The task: What should come back is the data below, word for word, minus any picture.

Provided material:
*** Begin section ***

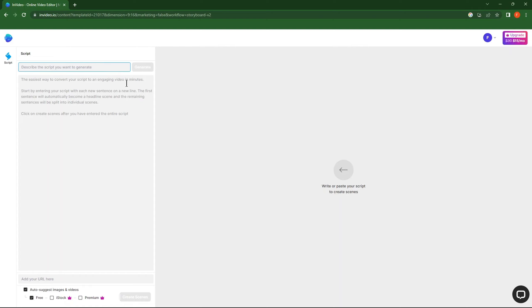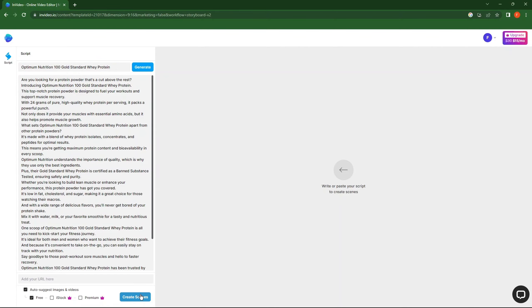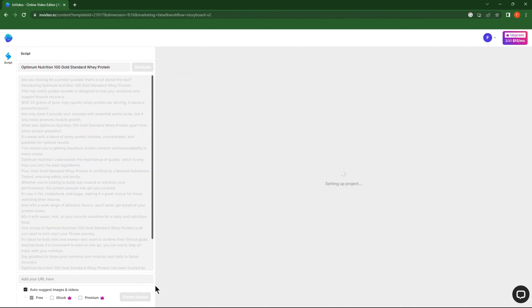Write your title. Click on Generate. Now, click on Create Scenes.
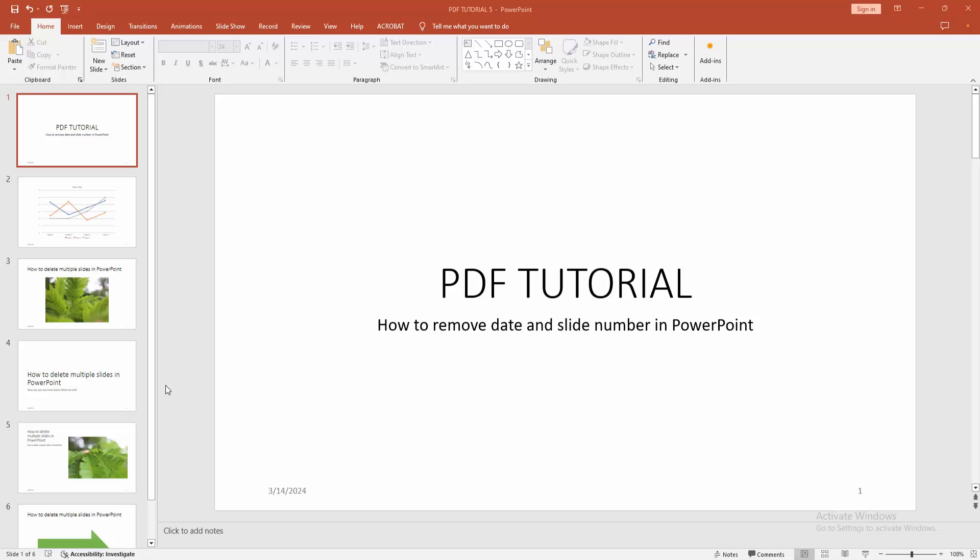Assalamualaikum, hello friends! How are you? Welcome back to another video. In this video I am going to show you how to remove date and slide number in Microsoft PowerPoint. Let's get started. At first you have to open a PowerPoint presentation.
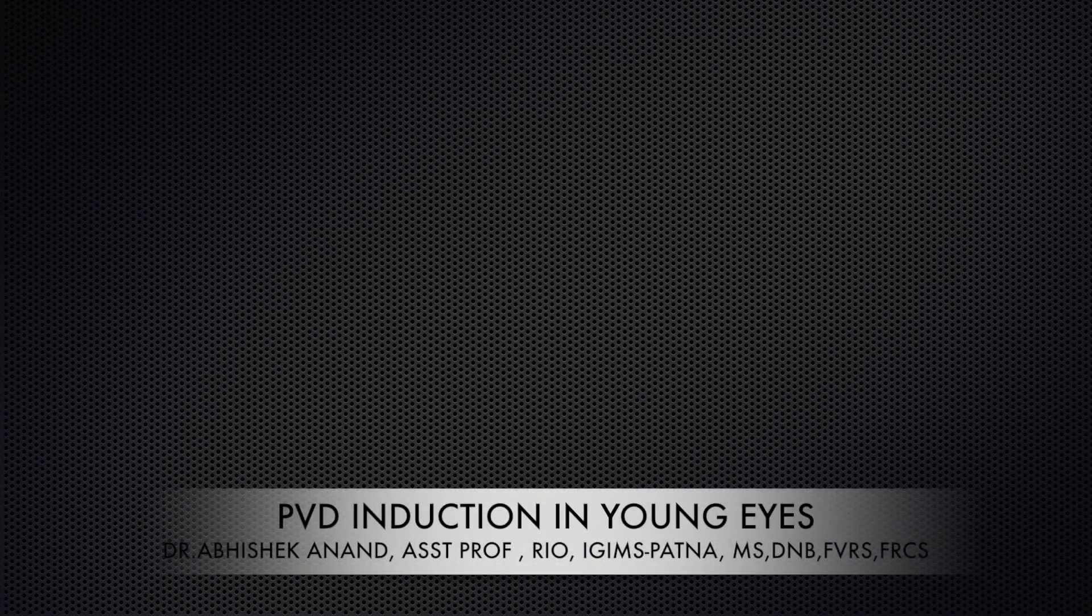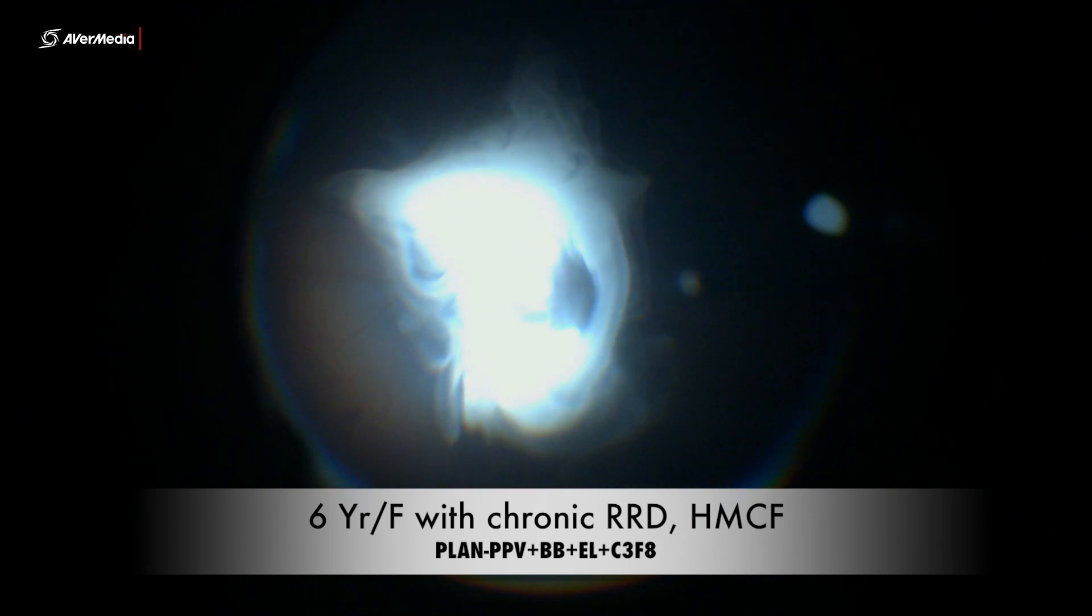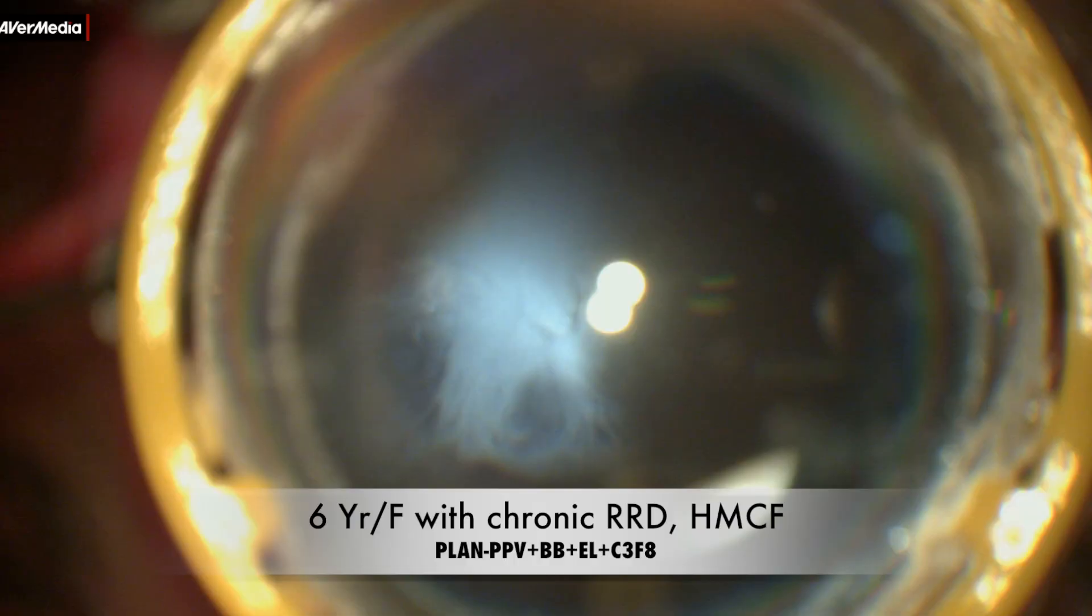Hello everyone, greetings from RIO IGMS Patna. Today we will be discussing how to induce PVD—the complete induction of the cortical vitreous that is attached to the retina in a pediatric population.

*** End section ***

Written answer:
Write your title. Click on Generate. Now, click on Create Scenes.
Assalamualaikum, hello friends! How are you? Welcome back to another video. In this video I am going to show you how to remove date and slide number in Microsoft PowerPoint. Let's get started. At first you have to open a PowerPoint presentation.
Hello everyone, greetings from RIO IGMS Patna. Today we will be discussing how to induce PVD—the complete induction of the cortical vitreous that is attached to the retina in a pediatric population.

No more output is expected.